Maximum 69 Number

Published: Nov 7, 2022

Easy Greedy Math

Introduction

The given number consists of only 6 and/or 9, and only one character is allowed to change. Given that, find 6 from left, replace the first 6 to 9. Only point we should care about is whether 6 exists or not. If not, the given string is all 9s and no need to change.

Problem Description

You are given a positive integer num consisting only of digits 6 and 9.

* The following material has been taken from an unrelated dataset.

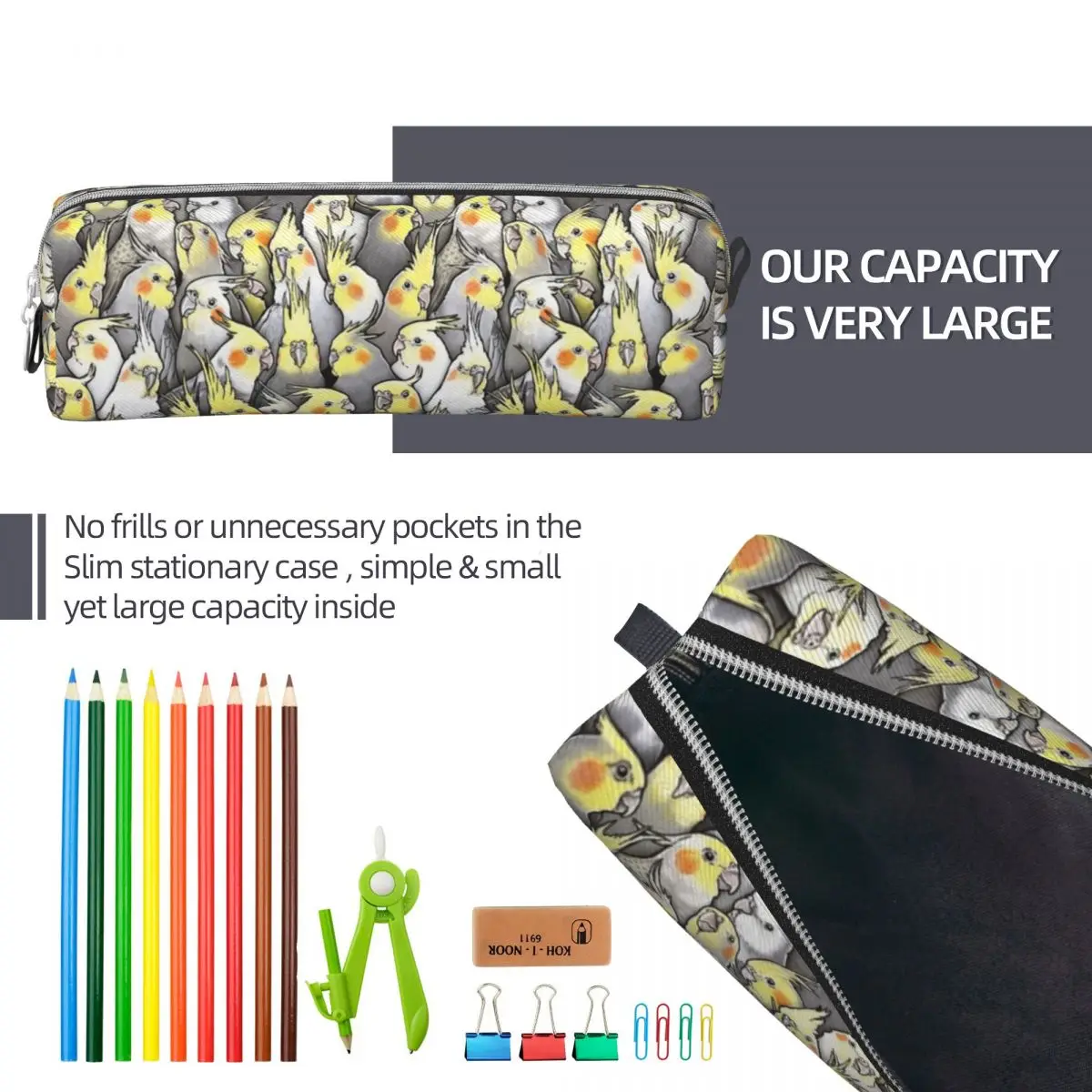 Cockatiel Animal Pencil Cases Parrots Bird Pen Box Bags for Student Big Capacity Students School Zipper Pencilcases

Return the maximum number you can get by changing at most one digit (6 becomes 9, and 9 becomes 6).

Constraints:

  • 1 <= num <= 10**4
  • num consists of only 6 and 9 digits.

https://leetcode.com/problems/maximum-69-number/

Examples

Example 1
Input: num = 9669
Output: 9969
Example 2
Input: num = 9996
Output: 9999
Example 3
Input: num = 9999
Output: 9999

Analysis

It’s easy to check every digit if the number is string. The solution here starts converting the given number to string. Once the index of the first 6 is found, substring concatenation creates the answer. Lastly, convert the result string to integer to meet with the requirement.

Solution

class Maximum69Number {
public:
    int maximum69Number (int num) {
        std::string s = std::to_string(num);
        std::size_t found = s.find("6");
        if (found != std::string::npos) {
            s.replace(found, 1, "9");
        }
        return std::stoi(s);
    }
};
class Maximum69Number {
    public int maximum69Number (int num) {
        String s = String.valueOf(num);
        int found = s.indexOf("6");
        if (found >= 0) {
            s = s.replaceFirst("6", "9");
        }
        return Integer.parseInt(s);
    }
}
/**
 * @param {number} num
 * @return {number}
 */
var maximum69Number  = function(num) {
        let s = num.toString();
        let found = s.indexOf("6");
        if (found >= 0) {
            s = s.replace('6', '9');
        }
        return parseInt(s);
    };
class Maximum69Number:
    def maximum69Number (self, num: int) -> int:
        s = str(num)
        if '6' in s:
            idx = s.index('6')
            s = s[:idx] + '9' + s[idx+1:]
        return int(s)
# @param {Integer} num
# @return {Integer}
def maximum69_number (num)
  s = num.to_s
  if s.count('6') > 0
    idx = s.index('6')
    s = s[0...idx] + '9' + s[idx + 1..-1]
  end
  s.to_i
end

Complexities

  • Time: O(n) – n: number of digits
  • Space: O(1)